Tenía delante a un tipo sin rastro de educación, con bastante prisa; mientras yo esperaba mi turno entró un muchacho que ya se habría comido año arriba, año abajo cincuenta calendarios. El olor que llevó a aquella minitienda el mencionado muchacho me resultó familiar. “¿A qué huele, a qué huele?”, pensaba… Lo tenía en la punta de la lengua (o de la nariz) pero no daba con aquel perfume. Respiré un par de veces más y, por fin, lo supe: olía a El parnasillo, aquella librería de Pamplona en la que uno se sentía en el Paraíso. Me acordé de la suerte que tuvo Pamplona de haber contado con un librero de tomo y lomo, que aconsejaba como un sumiller en un restaurante, que tenía educado su paladar y el de la clientela.

Y dije para mí: “Entonces, ¿en El parnasillo esparcían colonia o este tipo que tengo al lado se habrá rociado con ambientador? Pese a tener esa duda quise homenajear el buen recuerdo de aquella librería de la calle Castillo de Maya y compré un libro donde jamás hubiera pensado que lo haría. Una sorpresa de narices para mí mismo…

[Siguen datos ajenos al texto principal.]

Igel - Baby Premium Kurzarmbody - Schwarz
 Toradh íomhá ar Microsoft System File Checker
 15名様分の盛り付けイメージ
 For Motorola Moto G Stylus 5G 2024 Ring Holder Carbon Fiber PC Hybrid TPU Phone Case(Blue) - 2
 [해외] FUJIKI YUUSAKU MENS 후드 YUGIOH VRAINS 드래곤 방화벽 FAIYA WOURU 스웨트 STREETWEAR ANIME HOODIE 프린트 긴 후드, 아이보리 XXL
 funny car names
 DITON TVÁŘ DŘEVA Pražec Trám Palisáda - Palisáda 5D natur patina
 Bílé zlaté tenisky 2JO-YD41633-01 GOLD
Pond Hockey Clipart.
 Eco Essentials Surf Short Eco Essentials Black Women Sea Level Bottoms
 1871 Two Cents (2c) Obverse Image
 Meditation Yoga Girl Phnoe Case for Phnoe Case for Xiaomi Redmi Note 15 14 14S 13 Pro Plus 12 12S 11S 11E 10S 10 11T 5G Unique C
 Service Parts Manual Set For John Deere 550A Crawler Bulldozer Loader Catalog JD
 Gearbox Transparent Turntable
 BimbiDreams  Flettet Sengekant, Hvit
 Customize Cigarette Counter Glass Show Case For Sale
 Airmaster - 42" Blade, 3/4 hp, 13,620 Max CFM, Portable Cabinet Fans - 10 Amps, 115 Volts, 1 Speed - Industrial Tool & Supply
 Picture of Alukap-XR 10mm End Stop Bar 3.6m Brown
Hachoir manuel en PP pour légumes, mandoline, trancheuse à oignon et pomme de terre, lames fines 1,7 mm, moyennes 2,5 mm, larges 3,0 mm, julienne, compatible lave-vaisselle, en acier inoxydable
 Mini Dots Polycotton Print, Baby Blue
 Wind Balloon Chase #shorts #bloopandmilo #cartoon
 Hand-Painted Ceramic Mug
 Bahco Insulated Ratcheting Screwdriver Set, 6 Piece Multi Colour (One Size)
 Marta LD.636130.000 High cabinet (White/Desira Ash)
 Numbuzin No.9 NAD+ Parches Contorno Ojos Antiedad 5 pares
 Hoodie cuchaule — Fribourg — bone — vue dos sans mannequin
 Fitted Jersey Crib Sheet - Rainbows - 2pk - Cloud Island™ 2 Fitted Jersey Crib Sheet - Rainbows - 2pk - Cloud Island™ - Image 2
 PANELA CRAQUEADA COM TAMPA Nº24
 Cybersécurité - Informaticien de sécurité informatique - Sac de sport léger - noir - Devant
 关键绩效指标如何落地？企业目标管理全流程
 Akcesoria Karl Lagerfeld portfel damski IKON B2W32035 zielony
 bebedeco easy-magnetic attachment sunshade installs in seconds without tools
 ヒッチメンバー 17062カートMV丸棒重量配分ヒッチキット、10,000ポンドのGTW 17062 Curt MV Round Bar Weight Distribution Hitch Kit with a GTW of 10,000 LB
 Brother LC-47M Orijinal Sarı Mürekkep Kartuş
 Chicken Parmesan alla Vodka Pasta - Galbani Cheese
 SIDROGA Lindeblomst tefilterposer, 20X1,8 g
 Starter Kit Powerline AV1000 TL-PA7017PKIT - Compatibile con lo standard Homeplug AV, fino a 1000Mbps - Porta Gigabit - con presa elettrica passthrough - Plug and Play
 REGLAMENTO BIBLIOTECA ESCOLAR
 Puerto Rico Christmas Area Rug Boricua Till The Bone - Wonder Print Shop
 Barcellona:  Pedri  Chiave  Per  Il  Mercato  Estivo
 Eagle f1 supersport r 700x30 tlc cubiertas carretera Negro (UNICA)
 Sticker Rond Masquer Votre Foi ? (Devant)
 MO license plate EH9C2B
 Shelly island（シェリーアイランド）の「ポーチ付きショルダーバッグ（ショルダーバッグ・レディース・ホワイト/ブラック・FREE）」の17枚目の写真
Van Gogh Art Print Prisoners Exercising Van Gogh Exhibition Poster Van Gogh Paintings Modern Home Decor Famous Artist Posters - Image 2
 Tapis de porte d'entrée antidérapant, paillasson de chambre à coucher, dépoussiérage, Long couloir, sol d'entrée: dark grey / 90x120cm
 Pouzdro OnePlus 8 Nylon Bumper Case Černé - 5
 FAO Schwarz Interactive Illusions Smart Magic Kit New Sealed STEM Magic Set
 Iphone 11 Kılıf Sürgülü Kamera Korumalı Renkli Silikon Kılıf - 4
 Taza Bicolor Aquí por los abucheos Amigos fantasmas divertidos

Por cierto que el empleado de la gasolinera me comentó tras teclear el código de barras del Cantar de mio Cid: “¿Este libro? Pues está bastante bien; yo lo he ojeado y me da en la nariz que te va a gustar”.

Ideación de ‘Olores’

Un cliente llegó a la minitienda de una gasolinera acompañado de un olor idéntico al que se apreciaba en la librería El parnasillo.